4.1.4. Workspace Logging with Azure Log Analytics
💡 First Principle: Monitor Hub shows Fabric-native activity logs, but enterprise observability often requires integration with Azure's broader monitoring ecosystem. Workspace logging exports detailed telemetry to Azure Log Analytics for advanced querying, long-term retention, and cross-service correlation.
Scenario: Your organization uses Azure Monitor for all cloud infrastructure. The security team requires centralized logging of all data access patterns across Azure services, including Fabric. Monitor Hub alone cannot provide this integration.

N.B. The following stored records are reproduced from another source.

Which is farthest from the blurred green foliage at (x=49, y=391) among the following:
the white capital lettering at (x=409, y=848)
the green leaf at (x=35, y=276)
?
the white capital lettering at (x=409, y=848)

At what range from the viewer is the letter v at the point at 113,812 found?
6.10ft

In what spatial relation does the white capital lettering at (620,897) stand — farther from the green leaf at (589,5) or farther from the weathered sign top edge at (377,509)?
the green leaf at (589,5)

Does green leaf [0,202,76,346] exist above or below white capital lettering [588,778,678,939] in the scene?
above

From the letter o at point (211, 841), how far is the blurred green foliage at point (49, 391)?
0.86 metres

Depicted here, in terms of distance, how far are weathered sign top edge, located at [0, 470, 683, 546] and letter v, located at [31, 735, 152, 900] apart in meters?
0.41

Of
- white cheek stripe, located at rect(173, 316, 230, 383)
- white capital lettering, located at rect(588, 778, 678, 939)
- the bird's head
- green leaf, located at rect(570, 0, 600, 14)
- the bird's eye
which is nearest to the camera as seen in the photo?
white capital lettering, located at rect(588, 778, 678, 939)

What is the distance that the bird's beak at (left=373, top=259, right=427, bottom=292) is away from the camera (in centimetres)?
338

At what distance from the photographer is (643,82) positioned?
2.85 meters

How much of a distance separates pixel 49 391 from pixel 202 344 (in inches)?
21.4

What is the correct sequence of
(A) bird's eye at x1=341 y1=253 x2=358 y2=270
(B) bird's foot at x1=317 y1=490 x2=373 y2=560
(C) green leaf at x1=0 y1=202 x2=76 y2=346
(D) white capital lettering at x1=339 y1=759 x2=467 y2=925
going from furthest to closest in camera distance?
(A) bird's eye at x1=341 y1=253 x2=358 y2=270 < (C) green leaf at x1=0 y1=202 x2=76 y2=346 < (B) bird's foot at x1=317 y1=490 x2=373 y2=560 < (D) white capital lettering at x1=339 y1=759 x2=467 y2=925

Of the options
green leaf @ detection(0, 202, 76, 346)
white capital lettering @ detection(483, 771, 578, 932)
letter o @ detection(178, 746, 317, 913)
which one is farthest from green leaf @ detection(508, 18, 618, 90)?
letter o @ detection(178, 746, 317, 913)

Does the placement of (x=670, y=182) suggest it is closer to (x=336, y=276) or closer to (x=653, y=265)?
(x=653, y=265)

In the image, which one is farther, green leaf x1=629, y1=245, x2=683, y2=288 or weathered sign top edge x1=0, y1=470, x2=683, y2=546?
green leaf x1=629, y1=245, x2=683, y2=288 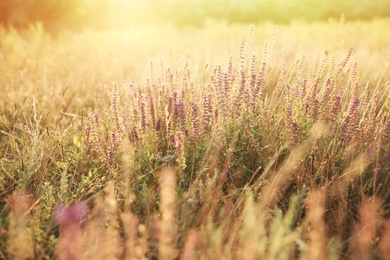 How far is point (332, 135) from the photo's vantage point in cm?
207

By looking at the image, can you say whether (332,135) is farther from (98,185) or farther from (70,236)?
(70,236)

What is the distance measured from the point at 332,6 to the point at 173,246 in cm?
1623

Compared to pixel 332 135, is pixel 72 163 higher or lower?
lower

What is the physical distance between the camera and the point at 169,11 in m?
16.9

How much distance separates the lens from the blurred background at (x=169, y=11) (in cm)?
1302

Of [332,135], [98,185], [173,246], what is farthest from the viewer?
[332,135]

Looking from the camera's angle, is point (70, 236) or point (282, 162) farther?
point (282, 162)

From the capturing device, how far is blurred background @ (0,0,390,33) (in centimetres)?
1302

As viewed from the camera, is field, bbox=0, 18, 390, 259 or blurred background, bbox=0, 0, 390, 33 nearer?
field, bbox=0, 18, 390, 259

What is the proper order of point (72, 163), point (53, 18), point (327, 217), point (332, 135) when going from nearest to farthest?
point (327, 217) < point (332, 135) < point (72, 163) < point (53, 18)

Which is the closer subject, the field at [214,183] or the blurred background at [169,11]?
the field at [214,183]

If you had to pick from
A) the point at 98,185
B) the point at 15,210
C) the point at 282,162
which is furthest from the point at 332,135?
the point at 15,210

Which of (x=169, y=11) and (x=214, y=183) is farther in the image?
(x=169, y=11)

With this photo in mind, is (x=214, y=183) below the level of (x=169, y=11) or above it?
above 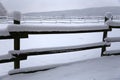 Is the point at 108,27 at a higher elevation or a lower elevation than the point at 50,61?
higher

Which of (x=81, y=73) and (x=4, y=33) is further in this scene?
(x=81, y=73)

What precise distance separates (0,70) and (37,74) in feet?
5.65

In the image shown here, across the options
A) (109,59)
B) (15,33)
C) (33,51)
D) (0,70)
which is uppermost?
(15,33)

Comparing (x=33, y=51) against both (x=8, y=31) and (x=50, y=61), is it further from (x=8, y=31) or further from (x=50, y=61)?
(x=50, y=61)

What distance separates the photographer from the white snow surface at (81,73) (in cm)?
453

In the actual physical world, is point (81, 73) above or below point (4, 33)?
below

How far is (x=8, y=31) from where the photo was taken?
467 centimetres

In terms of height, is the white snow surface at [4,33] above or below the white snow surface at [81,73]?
above

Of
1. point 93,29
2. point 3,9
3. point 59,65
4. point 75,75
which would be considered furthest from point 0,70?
point 3,9

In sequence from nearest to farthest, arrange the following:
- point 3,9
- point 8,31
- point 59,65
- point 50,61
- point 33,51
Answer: point 8,31 → point 33,51 → point 59,65 → point 50,61 → point 3,9

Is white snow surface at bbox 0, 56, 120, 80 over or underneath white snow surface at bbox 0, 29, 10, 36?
underneath

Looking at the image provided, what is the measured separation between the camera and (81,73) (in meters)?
4.79

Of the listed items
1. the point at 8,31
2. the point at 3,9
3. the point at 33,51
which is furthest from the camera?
the point at 3,9

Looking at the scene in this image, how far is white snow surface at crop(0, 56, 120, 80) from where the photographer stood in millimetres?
4527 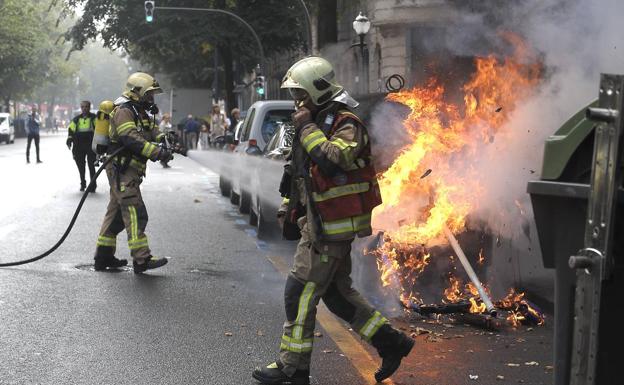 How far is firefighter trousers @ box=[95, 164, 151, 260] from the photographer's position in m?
9.06

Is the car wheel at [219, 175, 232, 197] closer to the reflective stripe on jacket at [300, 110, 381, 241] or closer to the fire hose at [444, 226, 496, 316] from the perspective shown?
the fire hose at [444, 226, 496, 316]

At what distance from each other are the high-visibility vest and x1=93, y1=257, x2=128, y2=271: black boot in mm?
4486

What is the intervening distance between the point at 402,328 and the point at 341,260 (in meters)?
1.37

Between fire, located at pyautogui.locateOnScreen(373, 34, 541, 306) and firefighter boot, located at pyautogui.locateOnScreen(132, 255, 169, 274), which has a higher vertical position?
fire, located at pyautogui.locateOnScreen(373, 34, 541, 306)

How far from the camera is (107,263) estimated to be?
369 inches

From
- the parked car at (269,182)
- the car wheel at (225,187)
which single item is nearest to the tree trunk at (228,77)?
the car wheel at (225,187)

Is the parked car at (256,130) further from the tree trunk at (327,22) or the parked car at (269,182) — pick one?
the tree trunk at (327,22)

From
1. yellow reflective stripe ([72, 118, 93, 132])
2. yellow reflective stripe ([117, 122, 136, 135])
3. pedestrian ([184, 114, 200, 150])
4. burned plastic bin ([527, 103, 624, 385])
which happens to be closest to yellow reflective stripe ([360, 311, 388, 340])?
burned plastic bin ([527, 103, 624, 385])

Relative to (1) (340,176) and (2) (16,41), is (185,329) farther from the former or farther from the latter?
(2) (16,41)

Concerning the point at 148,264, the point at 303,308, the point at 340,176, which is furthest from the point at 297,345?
the point at 148,264

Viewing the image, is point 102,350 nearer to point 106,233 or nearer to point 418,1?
point 106,233

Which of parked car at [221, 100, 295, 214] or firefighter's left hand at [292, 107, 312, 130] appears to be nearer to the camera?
firefighter's left hand at [292, 107, 312, 130]

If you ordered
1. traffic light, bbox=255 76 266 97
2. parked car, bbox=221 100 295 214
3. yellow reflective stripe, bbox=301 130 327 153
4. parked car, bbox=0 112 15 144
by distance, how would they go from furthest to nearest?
parked car, bbox=0 112 15 144 < traffic light, bbox=255 76 266 97 < parked car, bbox=221 100 295 214 < yellow reflective stripe, bbox=301 130 327 153

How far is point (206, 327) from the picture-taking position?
6.86 m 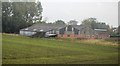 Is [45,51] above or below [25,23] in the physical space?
Result: below

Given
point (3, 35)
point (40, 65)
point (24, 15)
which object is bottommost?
point (40, 65)

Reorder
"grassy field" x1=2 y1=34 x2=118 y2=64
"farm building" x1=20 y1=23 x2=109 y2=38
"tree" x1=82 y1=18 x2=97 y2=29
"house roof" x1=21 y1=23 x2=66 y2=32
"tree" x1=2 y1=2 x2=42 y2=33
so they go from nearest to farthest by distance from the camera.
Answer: "grassy field" x1=2 y1=34 x2=118 y2=64, "tree" x1=2 y1=2 x2=42 y2=33, "farm building" x1=20 y1=23 x2=109 y2=38, "house roof" x1=21 y1=23 x2=66 y2=32, "tree" x1=82 y1=18 x2=97 y2=29

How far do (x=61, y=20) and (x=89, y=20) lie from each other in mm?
1860

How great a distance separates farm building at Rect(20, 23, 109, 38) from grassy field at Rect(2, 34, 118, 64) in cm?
54

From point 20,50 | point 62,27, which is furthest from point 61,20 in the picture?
point 20,50

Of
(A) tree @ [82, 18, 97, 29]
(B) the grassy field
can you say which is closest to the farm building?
(A) tree @ [82, 18, 97, 29]

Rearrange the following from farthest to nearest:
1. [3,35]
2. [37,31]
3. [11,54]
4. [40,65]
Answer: [37,31], [3,35], [11,54], [40,65]

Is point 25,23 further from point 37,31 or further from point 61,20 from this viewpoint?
point 61,20

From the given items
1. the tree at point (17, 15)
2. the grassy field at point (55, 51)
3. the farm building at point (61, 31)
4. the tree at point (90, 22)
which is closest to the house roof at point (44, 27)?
the farm building at point (61, 31)

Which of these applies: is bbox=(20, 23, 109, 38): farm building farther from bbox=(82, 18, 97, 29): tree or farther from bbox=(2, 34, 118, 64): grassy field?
bbox=(2, 34, 118, 64): grassy field

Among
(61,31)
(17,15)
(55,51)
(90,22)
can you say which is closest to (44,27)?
(61,31)

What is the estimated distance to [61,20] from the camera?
14703 mm

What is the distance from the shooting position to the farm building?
1490cm

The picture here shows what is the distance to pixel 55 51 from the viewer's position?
11.9 meters
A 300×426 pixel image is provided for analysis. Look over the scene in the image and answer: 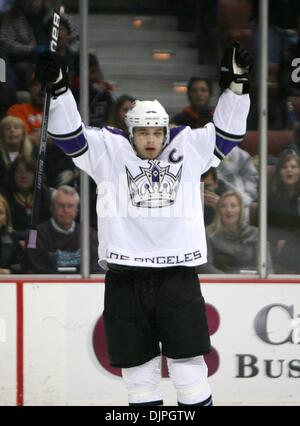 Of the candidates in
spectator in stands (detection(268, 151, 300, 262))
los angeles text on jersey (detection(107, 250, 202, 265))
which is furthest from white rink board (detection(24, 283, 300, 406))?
los angeles text on jersey (detection(107, 250, 202, 265))

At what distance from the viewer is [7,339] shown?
5.37 m

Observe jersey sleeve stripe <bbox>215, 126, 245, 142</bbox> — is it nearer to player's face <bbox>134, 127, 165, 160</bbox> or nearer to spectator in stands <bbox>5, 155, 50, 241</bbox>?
player's face <bbox>134, 127, 165, 160</bbox>

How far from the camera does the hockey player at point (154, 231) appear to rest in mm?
4203

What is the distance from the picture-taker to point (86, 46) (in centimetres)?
536

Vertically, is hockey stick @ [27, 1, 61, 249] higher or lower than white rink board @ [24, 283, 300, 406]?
higher

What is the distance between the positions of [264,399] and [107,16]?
2.01 m

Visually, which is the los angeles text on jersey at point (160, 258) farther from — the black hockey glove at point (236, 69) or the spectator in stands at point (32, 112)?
the spectator in stands at point (32, 112)

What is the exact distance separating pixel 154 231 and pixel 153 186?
0.17 m

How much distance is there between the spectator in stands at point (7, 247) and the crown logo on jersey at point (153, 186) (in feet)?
4.42

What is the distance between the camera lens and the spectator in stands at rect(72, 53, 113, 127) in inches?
212

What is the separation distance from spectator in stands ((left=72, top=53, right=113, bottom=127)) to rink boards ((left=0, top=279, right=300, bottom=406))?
792 mm

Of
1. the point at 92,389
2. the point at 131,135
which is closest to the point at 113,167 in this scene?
the point at 131,135

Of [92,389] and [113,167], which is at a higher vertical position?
[113,167] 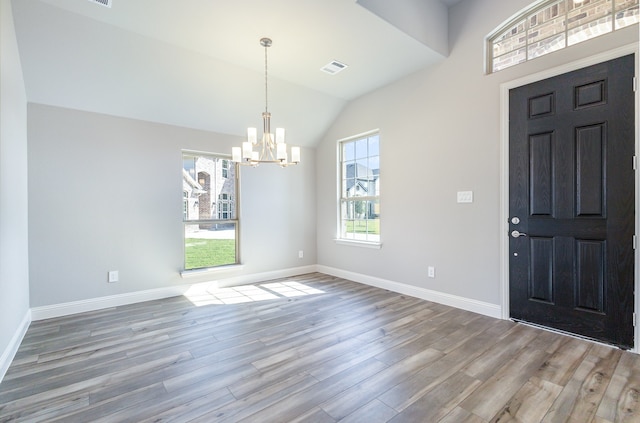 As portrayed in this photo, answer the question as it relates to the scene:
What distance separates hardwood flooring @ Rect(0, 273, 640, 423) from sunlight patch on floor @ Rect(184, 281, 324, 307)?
1.71 ft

Key Differences: Monitor Hub vs. Workspace Logging
| Aspect | Monitor Hub | Workspace Logging (Log Analytics) |
|---|---|---|
| Retention | Limited (days/weeks) | Configurable (months/years) |
| Query Language | Basic filtering | KQL (full power) |
| Integration | Fabric-only | Azure Monitor, Sentinel, third-party SIEM |
| Alerting | Basic | Advanced with Azure Monitor Alerts |
| Cost | Included | Log Analytics ingestion costs |
Configuring Workspace Logging
- Prerequisites: Create an Azure Log Analytics workspace in Azure Portal
- Navigate to Fabric Admin Portal → Audit and usage settings
- Enable Azure Log Analytics integration
- Provide the Log Analytics workspace ID and key
- Select which log categories to export
Log Categories Available:
| Category | Data Included | Use Case |
|---|---|---|
| Audit Logs | User actions, permission changes | Security compliance |
| Operation Logs | Pipeline runs, refresh activities | Operational monitoring |
| Performance Logs | Query durations, resource consumption | Performance analysis |
Querying Fabric Logs in Log Analytics
// Find all failed pipeline runs in the last 24 hours
FabricLogs
| where TimeGenerated > ago(24h)
| where Category == "PipelineRuns"
| where Status == "Failed"
| project TimeGenerated, WorkspaceName, PipelineName, ErrorMessage
| order by TimeGenerated desc
// Analyze refresh patterns by user
FabricLogs
| where Category == "Refresh"
| summarize RefreshCount = count() by User, bin(TimeGenerated, 1d)
| render timechart
Visual: Logging Architecture
⚠️ Exam Trap: Enabling all log categories without considering cost can be expensive. Log Analytics charges based on data ingestion volume. Start with audit and operation logs, then add performance logs only if needed for specific analysis.
Key Trade-Offs:
- Comprehensive Logging vs. Cost: More log categories increase visibility but also Log Analytics costs
- Centralization vs. Complexity: Centralized logging enables correlation but requires Log Analytics expertise
Reflection Question: Your security team requires 2-year retention of all data access logs for compliance. Can Monitor Hub alone meet this requirement? What configuration would you recommend?